At about 3:30 p.m. to 3:45 p.m. on the afternoon of March 18, 1981, Detective Robert Meyers responded to a building on Lafayette Avenue in Brooklyn to investigate the death by stabbing during an apparent robbery of Jennifer Anderson, who had been found lying on the floor in a tenth floor apartment therein. Upon exiting the apartment several minutes later, Detective Meyers overheard a conversation between two young ladies, tenants of the building, in the hallway, during which they said that their brother, the defendant, was “cut” and had been taken to Brooklyn Jewish Hospital by their mother. The detective repaired to the hospital emergency room, where he found defendant, Wayne *908Oates, then 14 years old, being treated for a cut on his hand. The treatment was nearly completed and a physician was bandaging defendant’s hand.

Addressing defendant’s mother, after identifying himself, Detective Meyers informed her that he was investigating the death of a tenant in her building and asked if he might speak to her son. Defendant’s mother assented and Meyers read the Miranda (Miranda v Arizona, 384 US 436) warnings to defendant and his mother. Both parties indicated their understanding and both indicated that defendant was willing to make a statement without the presence of an attorney.

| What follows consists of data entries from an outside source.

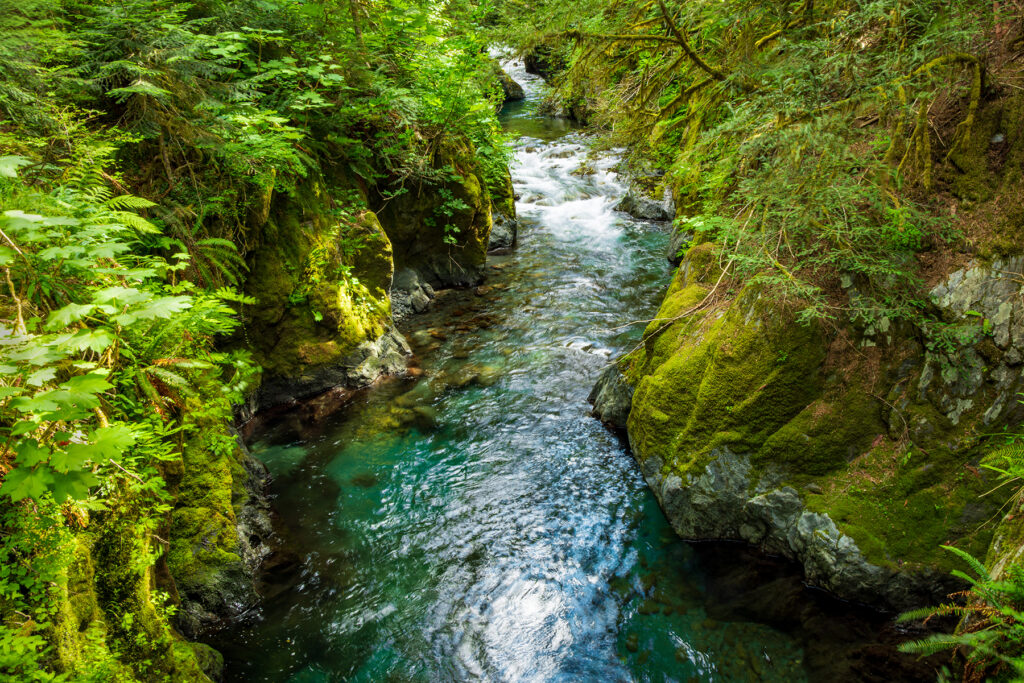 Backpacking the North Fork Skokomish River Trail, Olympic National Park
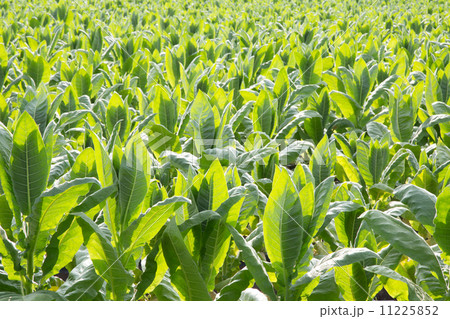 緑の野菜 11225852
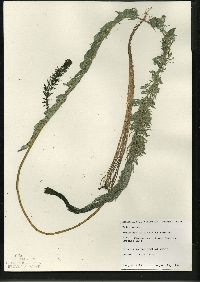 Myriophyllum sibiricum image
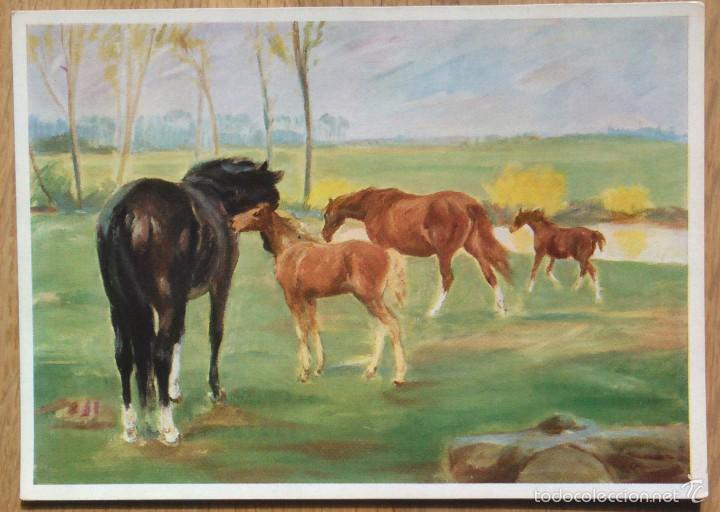 Cartes Postales: CABALLOS - PINTURA DE HEINZ D&Uuml;LLBERG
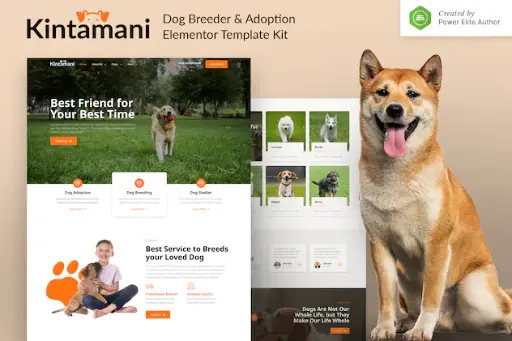 Kintamani  Dog Breeder - Adoption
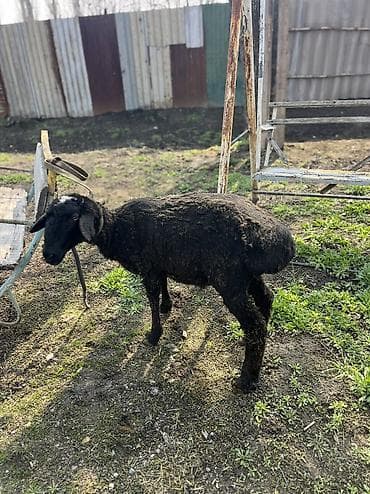 живой баран: Продаю | Баран (самец), Ягненок | На забой | Кастрированные — 1
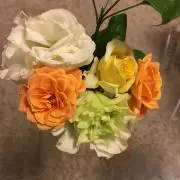 mamamaの画像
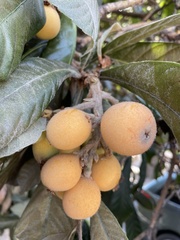 Pittosporum undulatum
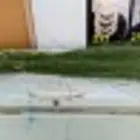 المرخ الجيزاني الطازج الاخضر الجديد الرياض الحله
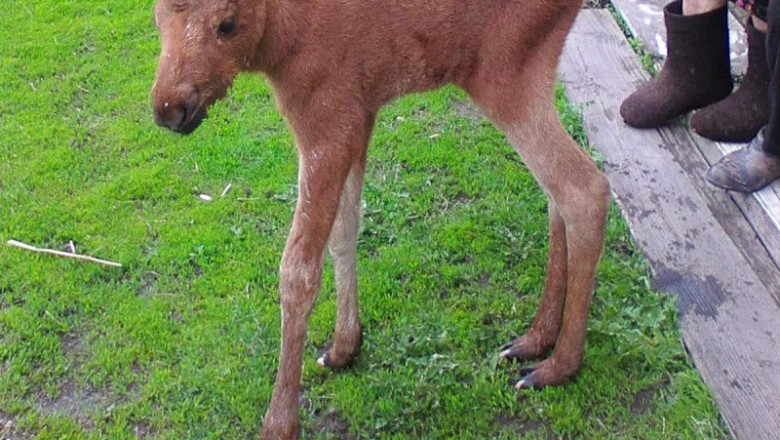 Лосёнок пришёл к людям 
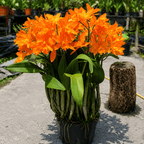 Rth. Love Passion 'Orange Bird'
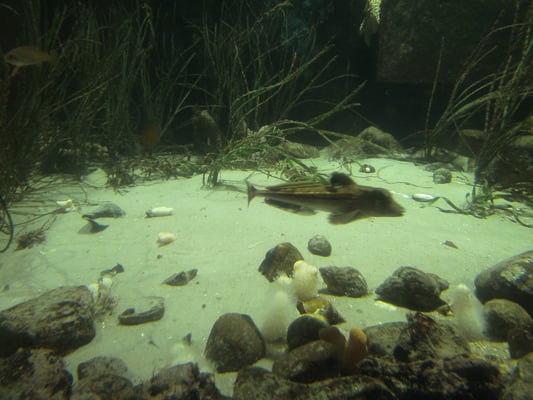 Aquarium GEOMAR by null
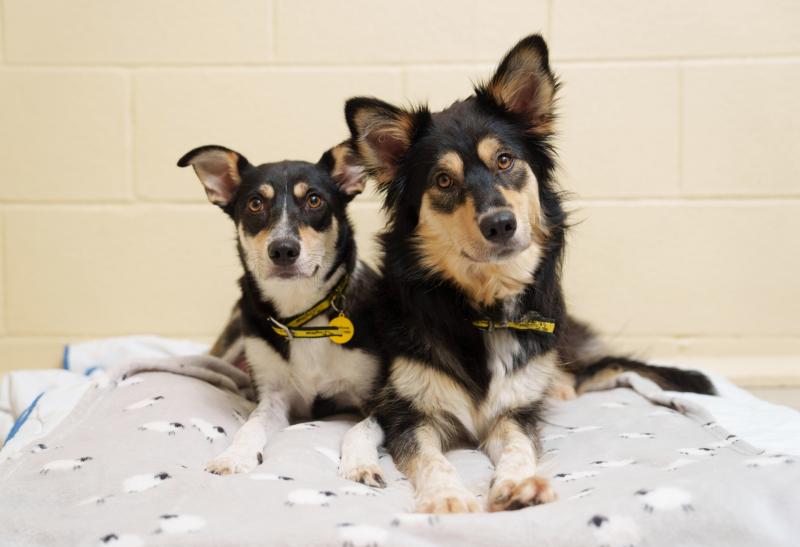 Dogs Trust appeal for Carlow donations as almost 400 post-Christmas surrender requests received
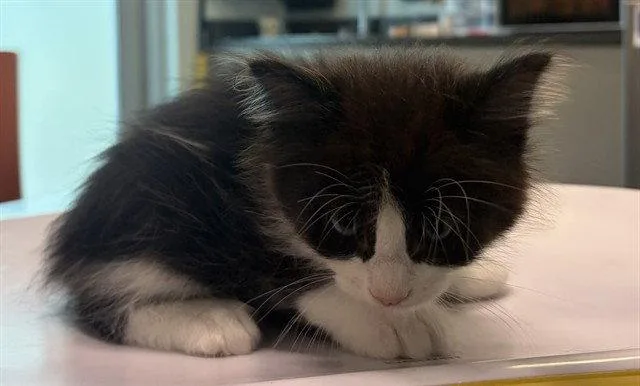 A baby small-sized male Domestic Medium Hair cat named Tom for adoption in Tavares, FL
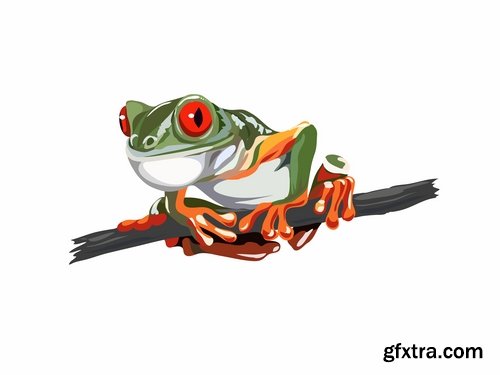 Collection of vector image animal frog toad skin color 25 Eps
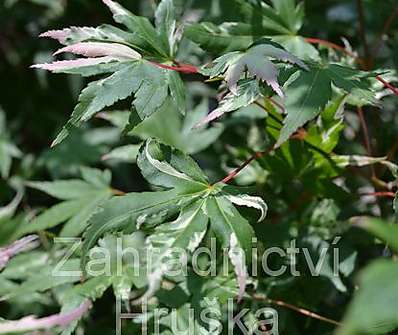 javor - Acer palmatum 'Asahi - Zuru'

The detective then inquired as to the origin of defendant’s injury. Defendant explained that as he was coming from school, three individuals attempted to “rip him off” at DeKalb and Kent Avenues. When Meyers indicated that he was investigating the death of Mrs. Anderson, defendant responded “Oh, she’s dead?” Meyers asked that defendant and his mother show him the exact site of the incident with the individuals. They looked, but found no blood on the ground. Noticing that defendant’s trousers looked fresh, the detective remarked on the absence of blood on the garment and defendant responded that he had changed clothes before going to the hospital. Meyers asked if he might have the pants defendant was wearing at the time he was accosted and both defendant and his mother agreed. The three proceeded to defendant’s apartment which was across the street from the site of the alleged attempted robbery and one floor below that of Mrs. Anderson. Upon arrival, Meyers stood by the apartment door while defendant and his mother retrieved the clothes that he had changed from and brought them to the detective.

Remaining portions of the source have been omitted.